WHAT TO PRODUCE
Find the line with "極美品 kawa-kawa カワカワ ボディバッグ スーパーソフトレザー 黒 M" in the entries below. Repeat it, every following line, and the line with "Noble Outdoor Sofa", exactly and with nothing added.

[Stored items from a collection]
::::::
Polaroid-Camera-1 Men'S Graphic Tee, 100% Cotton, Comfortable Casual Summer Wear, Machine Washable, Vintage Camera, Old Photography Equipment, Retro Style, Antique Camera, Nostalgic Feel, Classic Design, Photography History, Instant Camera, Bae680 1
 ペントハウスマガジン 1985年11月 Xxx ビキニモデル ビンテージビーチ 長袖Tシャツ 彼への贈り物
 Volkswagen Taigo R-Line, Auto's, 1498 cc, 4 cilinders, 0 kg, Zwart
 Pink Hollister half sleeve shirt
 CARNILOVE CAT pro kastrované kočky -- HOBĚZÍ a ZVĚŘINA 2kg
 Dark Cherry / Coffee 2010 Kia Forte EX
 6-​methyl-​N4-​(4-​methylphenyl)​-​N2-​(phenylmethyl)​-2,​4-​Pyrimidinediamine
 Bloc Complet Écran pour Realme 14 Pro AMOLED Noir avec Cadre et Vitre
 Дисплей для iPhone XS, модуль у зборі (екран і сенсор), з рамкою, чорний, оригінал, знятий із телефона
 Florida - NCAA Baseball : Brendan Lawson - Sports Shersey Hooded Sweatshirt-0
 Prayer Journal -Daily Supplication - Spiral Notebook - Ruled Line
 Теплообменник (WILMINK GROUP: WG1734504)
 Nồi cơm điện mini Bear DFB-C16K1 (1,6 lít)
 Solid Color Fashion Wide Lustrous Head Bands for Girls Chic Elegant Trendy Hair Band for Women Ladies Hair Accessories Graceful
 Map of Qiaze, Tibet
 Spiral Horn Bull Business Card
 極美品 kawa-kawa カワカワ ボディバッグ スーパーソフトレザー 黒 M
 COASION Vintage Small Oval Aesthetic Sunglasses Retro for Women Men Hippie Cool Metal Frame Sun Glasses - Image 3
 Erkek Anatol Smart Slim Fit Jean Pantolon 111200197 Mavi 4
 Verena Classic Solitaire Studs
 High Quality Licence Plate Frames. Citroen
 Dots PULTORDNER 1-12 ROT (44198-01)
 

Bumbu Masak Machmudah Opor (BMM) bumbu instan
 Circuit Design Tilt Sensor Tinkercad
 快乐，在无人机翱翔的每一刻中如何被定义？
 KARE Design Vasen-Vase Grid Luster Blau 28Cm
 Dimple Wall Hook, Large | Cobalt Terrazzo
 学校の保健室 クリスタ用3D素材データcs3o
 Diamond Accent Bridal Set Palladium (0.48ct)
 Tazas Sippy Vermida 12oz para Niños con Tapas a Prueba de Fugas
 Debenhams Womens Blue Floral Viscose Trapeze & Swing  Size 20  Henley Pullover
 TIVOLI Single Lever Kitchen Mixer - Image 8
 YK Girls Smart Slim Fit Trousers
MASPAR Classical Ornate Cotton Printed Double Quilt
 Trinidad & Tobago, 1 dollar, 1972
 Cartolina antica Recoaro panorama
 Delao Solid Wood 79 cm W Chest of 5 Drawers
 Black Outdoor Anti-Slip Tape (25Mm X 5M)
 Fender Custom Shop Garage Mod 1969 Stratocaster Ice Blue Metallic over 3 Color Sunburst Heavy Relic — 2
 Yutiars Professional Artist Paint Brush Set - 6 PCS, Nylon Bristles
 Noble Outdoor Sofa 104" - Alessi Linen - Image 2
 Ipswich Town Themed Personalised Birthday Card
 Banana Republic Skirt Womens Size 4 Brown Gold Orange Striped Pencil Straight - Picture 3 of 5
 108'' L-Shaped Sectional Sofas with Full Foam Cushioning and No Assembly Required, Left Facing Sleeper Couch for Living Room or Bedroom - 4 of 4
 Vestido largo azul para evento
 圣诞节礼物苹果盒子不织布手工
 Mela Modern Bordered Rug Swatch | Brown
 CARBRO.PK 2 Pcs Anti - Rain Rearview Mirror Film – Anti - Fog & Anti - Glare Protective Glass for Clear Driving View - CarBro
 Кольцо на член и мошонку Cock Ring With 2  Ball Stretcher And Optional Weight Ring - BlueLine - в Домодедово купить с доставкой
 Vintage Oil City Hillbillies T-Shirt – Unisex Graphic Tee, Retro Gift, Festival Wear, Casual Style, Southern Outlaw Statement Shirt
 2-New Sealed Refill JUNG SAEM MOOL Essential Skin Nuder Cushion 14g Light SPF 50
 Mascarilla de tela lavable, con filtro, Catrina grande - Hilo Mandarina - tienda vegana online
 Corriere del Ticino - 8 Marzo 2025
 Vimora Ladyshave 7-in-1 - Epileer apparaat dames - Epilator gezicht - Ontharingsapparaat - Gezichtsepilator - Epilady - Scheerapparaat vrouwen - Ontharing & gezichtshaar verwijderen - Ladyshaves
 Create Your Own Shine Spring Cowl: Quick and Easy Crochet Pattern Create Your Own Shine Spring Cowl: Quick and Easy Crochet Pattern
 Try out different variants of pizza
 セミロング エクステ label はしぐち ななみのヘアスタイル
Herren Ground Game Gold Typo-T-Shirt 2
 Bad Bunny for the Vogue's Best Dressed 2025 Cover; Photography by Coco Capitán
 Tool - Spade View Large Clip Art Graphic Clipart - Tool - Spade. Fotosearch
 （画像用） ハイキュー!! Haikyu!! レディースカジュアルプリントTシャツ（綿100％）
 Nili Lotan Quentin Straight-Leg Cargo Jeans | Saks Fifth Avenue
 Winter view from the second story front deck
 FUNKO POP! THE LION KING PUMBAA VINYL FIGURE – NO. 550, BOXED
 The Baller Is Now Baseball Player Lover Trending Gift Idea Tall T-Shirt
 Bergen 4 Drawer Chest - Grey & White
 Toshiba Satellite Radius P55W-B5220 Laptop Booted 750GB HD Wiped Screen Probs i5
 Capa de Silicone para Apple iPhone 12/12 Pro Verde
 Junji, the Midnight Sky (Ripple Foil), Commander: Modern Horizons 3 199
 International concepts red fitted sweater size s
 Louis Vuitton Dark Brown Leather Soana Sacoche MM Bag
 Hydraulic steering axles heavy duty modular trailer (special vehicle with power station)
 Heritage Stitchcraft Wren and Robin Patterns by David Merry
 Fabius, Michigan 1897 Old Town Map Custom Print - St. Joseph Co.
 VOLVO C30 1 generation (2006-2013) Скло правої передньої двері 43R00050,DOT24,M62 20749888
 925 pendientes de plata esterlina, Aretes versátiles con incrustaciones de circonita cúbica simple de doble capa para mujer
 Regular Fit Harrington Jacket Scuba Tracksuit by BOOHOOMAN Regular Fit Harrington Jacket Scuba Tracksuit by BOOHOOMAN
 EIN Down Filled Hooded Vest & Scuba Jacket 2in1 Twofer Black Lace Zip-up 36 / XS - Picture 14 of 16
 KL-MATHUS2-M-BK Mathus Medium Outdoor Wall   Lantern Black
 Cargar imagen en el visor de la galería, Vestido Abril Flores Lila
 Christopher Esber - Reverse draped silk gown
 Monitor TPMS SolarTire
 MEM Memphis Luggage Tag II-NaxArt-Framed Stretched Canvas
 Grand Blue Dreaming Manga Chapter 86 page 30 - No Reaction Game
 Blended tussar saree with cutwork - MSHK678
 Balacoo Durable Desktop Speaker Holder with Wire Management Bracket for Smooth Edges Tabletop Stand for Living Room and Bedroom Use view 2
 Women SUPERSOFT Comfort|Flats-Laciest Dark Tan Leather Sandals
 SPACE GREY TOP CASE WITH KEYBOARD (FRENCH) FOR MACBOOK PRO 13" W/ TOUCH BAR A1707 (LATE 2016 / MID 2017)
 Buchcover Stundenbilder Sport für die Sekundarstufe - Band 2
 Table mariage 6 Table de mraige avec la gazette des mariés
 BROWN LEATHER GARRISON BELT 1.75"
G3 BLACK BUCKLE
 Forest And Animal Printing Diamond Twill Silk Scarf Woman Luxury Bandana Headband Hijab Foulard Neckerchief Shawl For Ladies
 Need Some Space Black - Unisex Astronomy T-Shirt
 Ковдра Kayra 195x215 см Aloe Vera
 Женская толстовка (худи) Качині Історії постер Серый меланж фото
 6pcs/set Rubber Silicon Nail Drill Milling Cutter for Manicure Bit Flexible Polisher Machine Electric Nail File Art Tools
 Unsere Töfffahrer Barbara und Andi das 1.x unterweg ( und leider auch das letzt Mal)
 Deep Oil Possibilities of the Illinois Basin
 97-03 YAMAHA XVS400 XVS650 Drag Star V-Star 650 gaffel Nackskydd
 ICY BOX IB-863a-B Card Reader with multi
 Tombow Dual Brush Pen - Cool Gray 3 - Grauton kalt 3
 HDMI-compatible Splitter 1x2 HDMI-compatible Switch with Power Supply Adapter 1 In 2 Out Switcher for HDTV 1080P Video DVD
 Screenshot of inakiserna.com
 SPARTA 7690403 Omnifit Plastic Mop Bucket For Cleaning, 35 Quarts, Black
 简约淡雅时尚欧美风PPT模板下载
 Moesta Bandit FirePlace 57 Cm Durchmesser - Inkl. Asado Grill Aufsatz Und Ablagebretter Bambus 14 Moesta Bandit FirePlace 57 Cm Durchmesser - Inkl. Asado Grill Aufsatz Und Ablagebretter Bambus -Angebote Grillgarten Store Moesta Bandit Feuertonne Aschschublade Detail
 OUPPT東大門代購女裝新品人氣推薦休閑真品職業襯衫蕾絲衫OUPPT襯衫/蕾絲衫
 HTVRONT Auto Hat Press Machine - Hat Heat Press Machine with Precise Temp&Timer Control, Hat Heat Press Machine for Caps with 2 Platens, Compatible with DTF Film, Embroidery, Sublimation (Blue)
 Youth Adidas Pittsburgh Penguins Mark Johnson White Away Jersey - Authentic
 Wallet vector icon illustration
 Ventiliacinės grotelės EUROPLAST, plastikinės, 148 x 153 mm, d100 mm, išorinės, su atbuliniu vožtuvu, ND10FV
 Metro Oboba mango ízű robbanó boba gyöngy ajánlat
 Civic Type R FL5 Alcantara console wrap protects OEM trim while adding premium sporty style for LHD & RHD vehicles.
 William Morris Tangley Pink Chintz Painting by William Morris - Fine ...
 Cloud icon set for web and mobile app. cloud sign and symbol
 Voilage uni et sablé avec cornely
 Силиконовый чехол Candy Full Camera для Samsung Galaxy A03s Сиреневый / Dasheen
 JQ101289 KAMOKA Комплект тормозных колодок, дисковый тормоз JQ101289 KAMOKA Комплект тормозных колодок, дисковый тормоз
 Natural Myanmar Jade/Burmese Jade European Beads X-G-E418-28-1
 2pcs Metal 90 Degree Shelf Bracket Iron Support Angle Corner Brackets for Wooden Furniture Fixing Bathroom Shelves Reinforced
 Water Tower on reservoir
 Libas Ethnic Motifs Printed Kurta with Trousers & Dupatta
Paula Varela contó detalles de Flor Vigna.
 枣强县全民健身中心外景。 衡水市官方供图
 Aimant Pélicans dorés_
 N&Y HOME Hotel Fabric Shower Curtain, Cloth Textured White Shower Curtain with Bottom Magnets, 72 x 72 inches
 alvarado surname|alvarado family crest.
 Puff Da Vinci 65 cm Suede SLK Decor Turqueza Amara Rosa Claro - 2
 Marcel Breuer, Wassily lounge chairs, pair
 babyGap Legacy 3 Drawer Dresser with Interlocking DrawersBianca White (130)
::::::
EXERCISE OUTPUT
 極美品 kawa-kawa カワカワ ボディバッグ スーパーソフトレザー 黒 M
 COASION Vintage Small Oval Aesthetic Sunglasses Retro for Women Men Hippie Cool Metal Frame Sun Glasses - Image 3
 Erkek Anatol Smart Slim Fit Jean Pantolon 111200197 Mavi 4
 Verena Classic Solitaire Studs
 High Quality Licence Plate Frames. Citroen
 Dots PULTORDNER 1-12 ROT (44198-01)
 

Bumbu Masak Machmudah Opor (BMM) bumbu instan
 Circuit Design Tilt Sensor Tinkercad
 快乐，在无人机翱翔的每一刻中如何被定义？
 KARE Design Vasen-Vase Grid Luster Blau 28Cm
 Dimple Wall Hook, Large | Cobalt Terrazzo
 学校の保健室 クリスタ用3D素材データcs3o
 Diamond Accent Bridal Set Palladium (0.48ct)
 Tazas Sippy Vermida 12oz para Niños con Tapas a Prueba de Fugas
 Debenhams Womens Blue Floral Viscose Trapeze & Swing  Size 20  Henley Pullover
 TIVOLI Single Lever Kitchen Mixer - Image 8
 YK Girls Smart Slim Fit Trousers
MASPAR Classical Ornate Cotton Printed Double Quilt
 Trinidad & Tobago, 1 dollar, 1972
 Cartolina antica Recoaro panorama
 Delao Solid Wood 79 cm W Chest of 5 Drawers
 Black Outdoor Anti-Slip Tape (25Mm X 5M)
 Fender Custom Shop Garage Mod 1969 Stratocaster Ice Blue Metallic over 3 Color Sunburst Heavy Relic — 2
 Yutiars Professional Artist Paint Brush Set - 6 PCS, Nylon Bristles
 Noble Outdoor Sofa 104" - Alessi Linen - Image 2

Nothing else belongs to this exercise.